● What is required: Pictures aside, write out the data exactly as it reads.

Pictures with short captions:
= = = = = = =

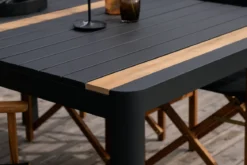 Gartentisch Nuru - Teakholz und Aluminium für Stabilität und Langlebigkeit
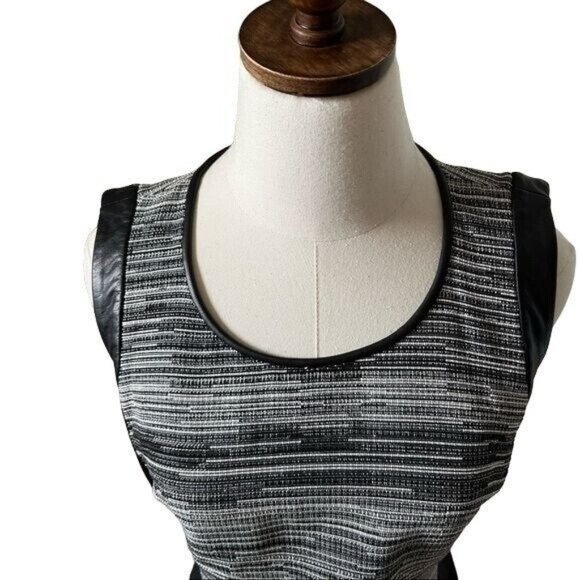 Kempner Tweed Mini Dress Size 2 Leather Trim Stretch Side sleeveless Black White - Picture 5 of 13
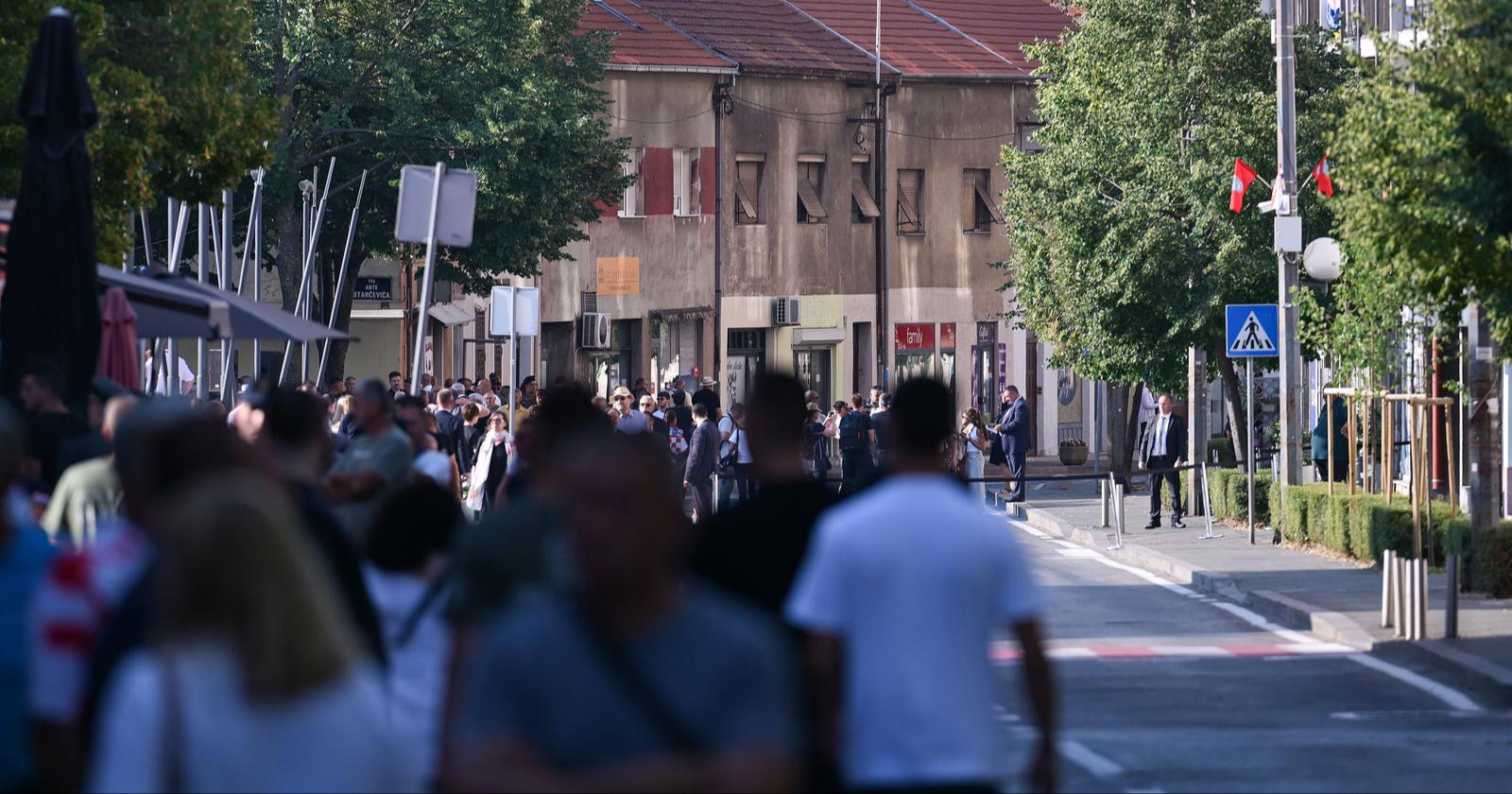Tisuće stižu u Knin, stigli i političari. Pogledajte atmosferu u gradu
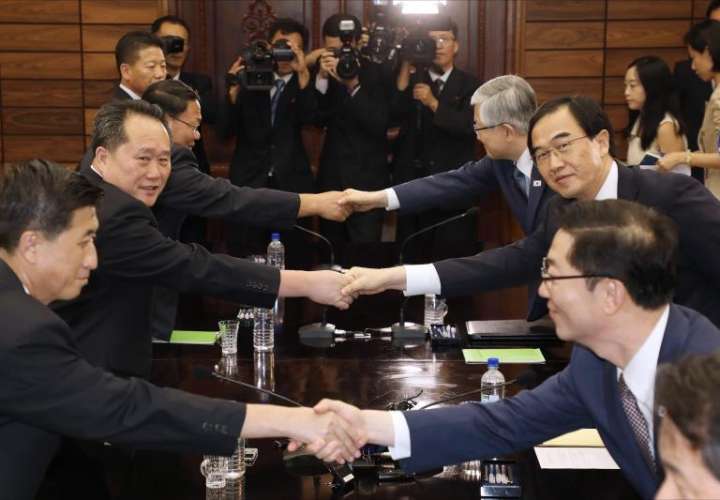 El ministro de Unificación surcoreano, Cho Myoung-gyon (2-d), saluda al presidente del Comité de Reunificación Pacífica, Ri Son-gwon (2-i), tras su reunión hoy en la aldea Panmunjom, en la militarizada frontera entre las dos Coreas. EFE
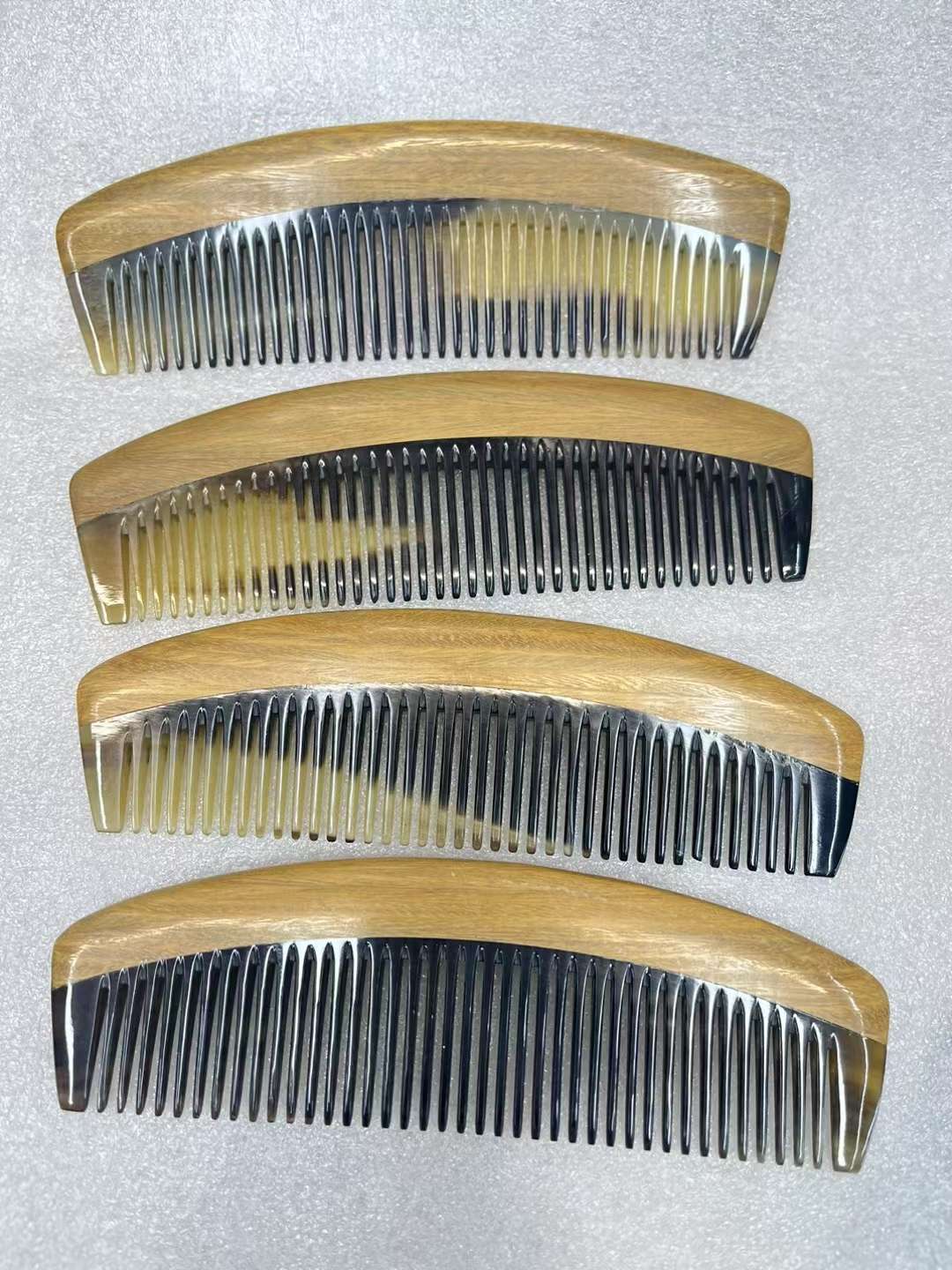 天然绿檀牛角合木梳绿檀月亮梳绿檀把手梳20公分手把梳15公分月型梳正宗黑牛角绿檀拼接梳经典款式景区热卖梳子木梳产品图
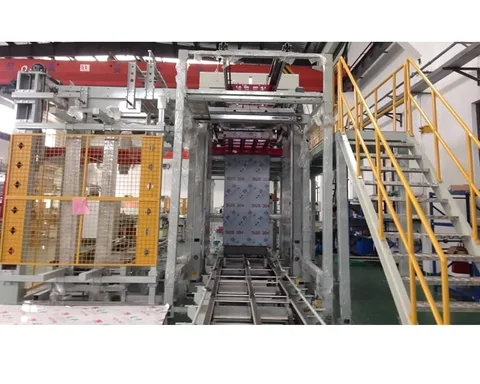 Monorail wire rope hoist running on a twin track beam
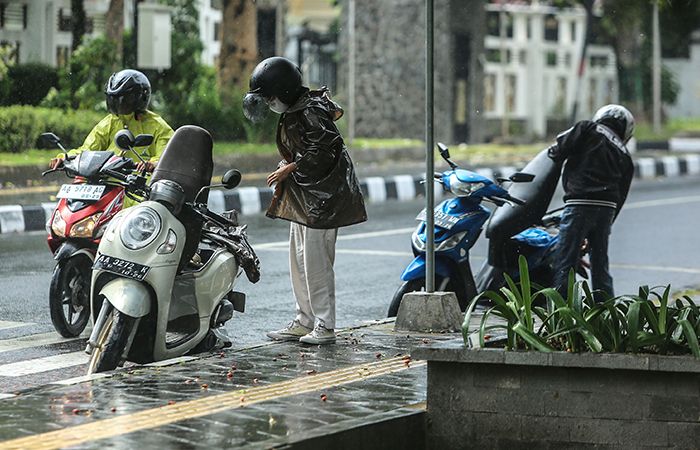Musim hujan tiba. Potensi munculnya berbagai penyakit.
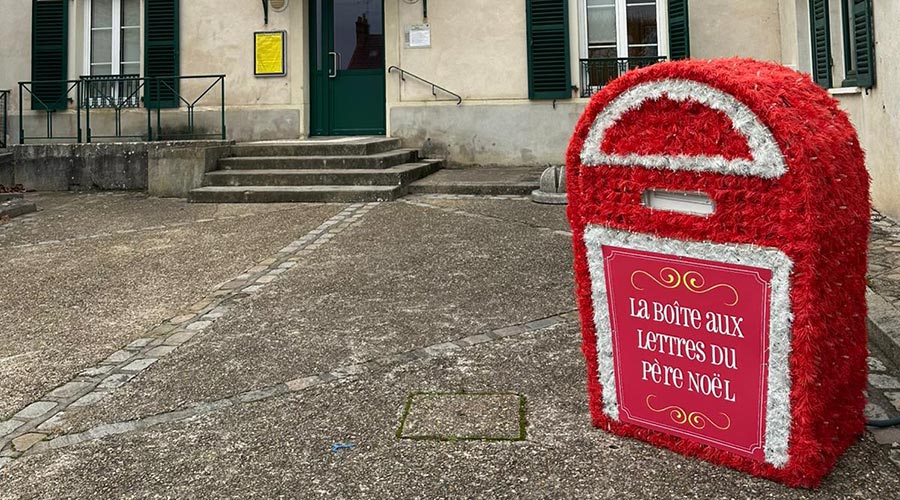 La boîte aux lettres du Père Noël à Vert-le-Petit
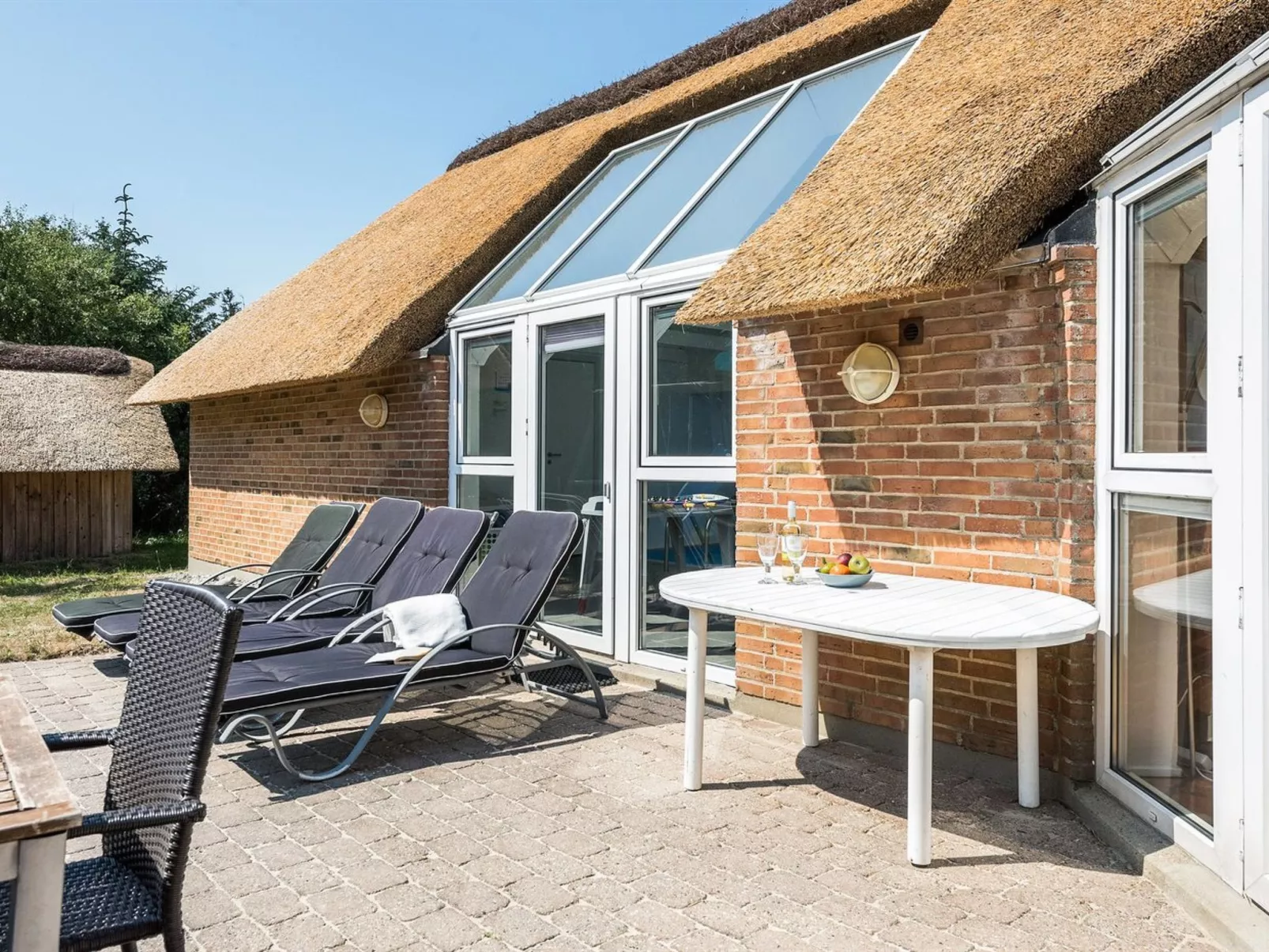 "Laetitita" -  from the sea-Buiten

= = = = = = =

● Reply:
 Gartentisch Nuru - Teakholz und Aluminium für Stabilität und Langlebigkeit
 Kempner Tweed Mini Dress Size 2 Leather Trim Stretch Side sleeveless Black White - Picture 5 of 13
Tisuće stižu u Knin, stigli i političari. Pogledajte atmosferu u gradu
 El ministro de Unificación surcoreano, Cho Myoung-gyon (2-d), saluda al presidente del Comité de Reunificación Pacífica, Ri Son-gwon (2-i), tras su reunión hoy en la aldea Panmunjom, en la militarizada frontera entre las dos Coreas. EFE
 天然绿檀牛角合木梳绿檀月亮梳绿檀把手梳20公分手把梳15公分月型梳正宗黑牛角绿檀拼接梳经典款式景区热卖梳子木梳产品图
 Monorail wire rope hoist running on a twin track beam
Musim hujan tiba. Potensi munculnya berbagai penyakit.
 La boîte aux lettres du Père Noël à Vert-le-Petit
 "Laetitita" -  from the sea-Buiten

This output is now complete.